Me: Hi, my love. Geesh I miss you. 

Dakota: I miss you, too, Mom. But you know I am always here, right? 

Me: Yes, Kota, I know you are there. Sometimes I just feel you. Sometimes, your dad makes up little drawing and notes and signs them from you. Sometimes my friends send me ecards signed from you. I love that you are still a part of all our lives. You've grown up with us as if you were here. 

Dakota: Good. Oh, and yes, I did conspire with Janelle and then Caden to eventually get you around to here! 

Me: Kota, I often feel like you are a guide for me, pointing me toward things like this, inspiring me to be mindful, even to be playful or more creative. I wonder if that is weird? 

Dakota: Mom, what is weird?
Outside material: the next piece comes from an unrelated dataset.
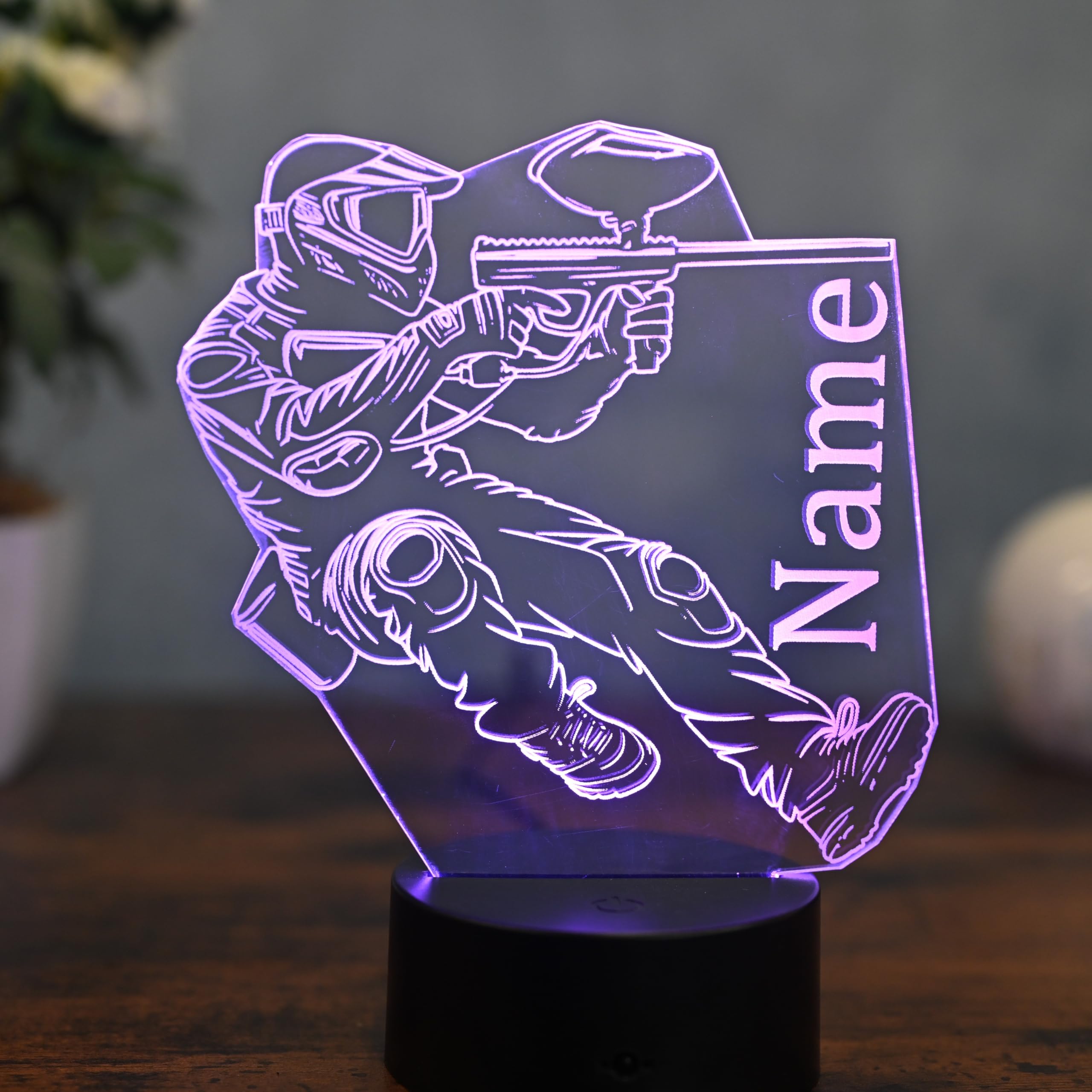Paintball Lampe – LED Licht für Paintball Spieler – Personalisiertes Geschenk – Paintball Team Logo und Grafik – Paintball Deko und Motiv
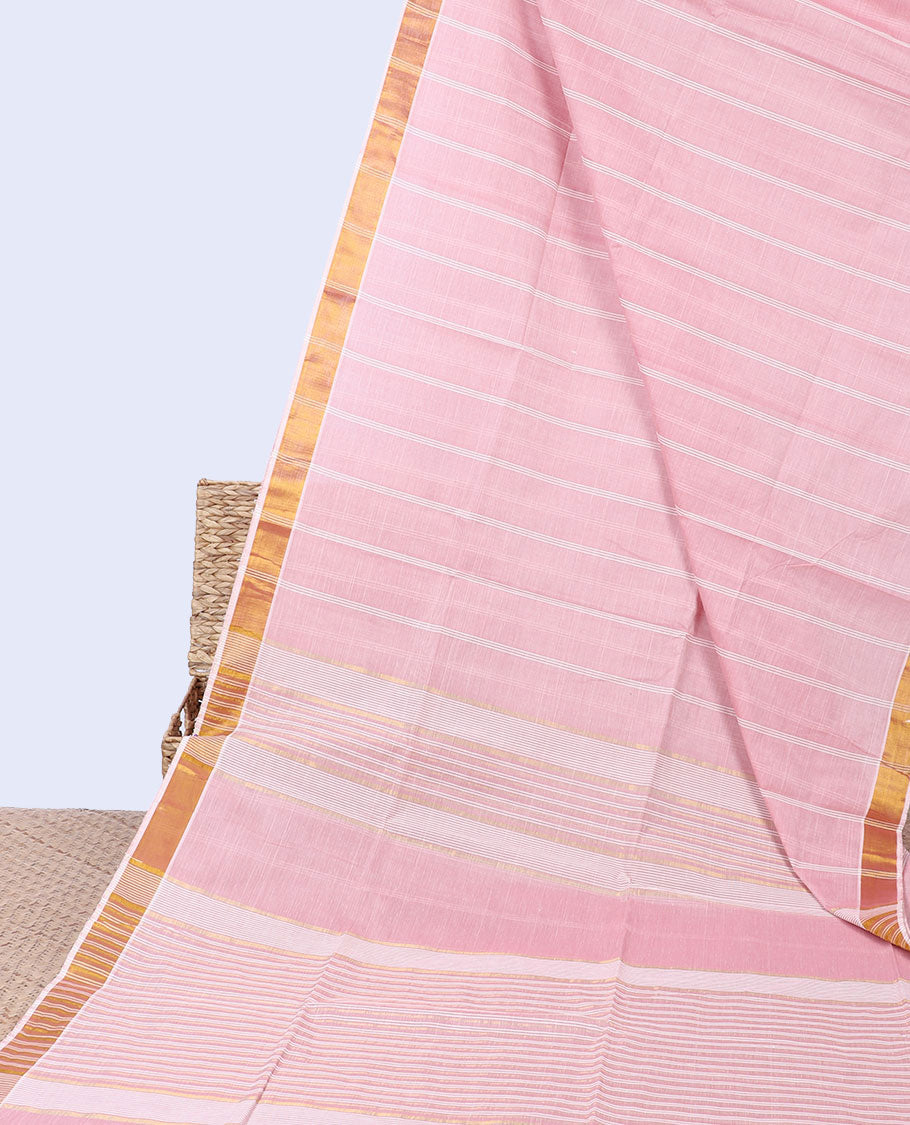 Pink striped jute cotton saree, self-border & pallu of stripes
It is a judgment of your inner critic or someone else's judgment of you. There is no inner peace in that. Just accept each moment for what it is. Prescribe to it, whatever meaning feels right to you. Live fully within your own skin as comfortably as you can. Not to be complacent. But to fully be who you are right now, to be here, rather than be out in some random future trying to change or improve or be different than you are now. 

Me: Thank you, sweetie. You know, I want to thank you for leading me to Chey's mom, Dr. Jo at MISS who then led me to Dr. Peter Barr who has two sons over there with you, who then led me to Layla's mom Vanessa Gorman. Vanessa's documentary of Layla's story has so changed me. I'm moved by all that they were able to do at Layla's birth and death -- Vanessa's documentary opened my eyes to see what is possible. At the same time, I have such sadness because I was not able, at your birth and death, to vision that kind of ritual for you. Your daddy and I had no caregivers who knew enough to guide us to that kind of thing. And I have always felt badly about that. 

Dakota: I know you feel badly, Mom. But you know what? You value Layla's story so much precisely because my story was different. What Vanessa eventually shared with the world and you in Losing Layla is something that came full into your awareness exactly because our experience together was so different. If our experience had been the same or similar, you might have just glossed over Losing Layla missing the impact of it, the way it can be a tool to educate caregivers and family and friends and parents as they have their own experiences. It's okay, Mom. Your experiences with me gave rise to your ability to value what Layla and Vanessa have given your world on film. Just be okay in that for now. 

Me: Thank you. 

Dakota: No problemo, Mom! 

Me: I think I'm going to post this and go share it with your dad now. Hope he and those reading don't think I'm completely insane  :)

Dakota: If you're insane, I'm insane, they are insane, and then we're all insane and then guess what -- it becomes "normal" because we're all equally insane. It's okay, Mom. Just let it all be what it is. I love you! Glad you thought to make this blog space for us to chat!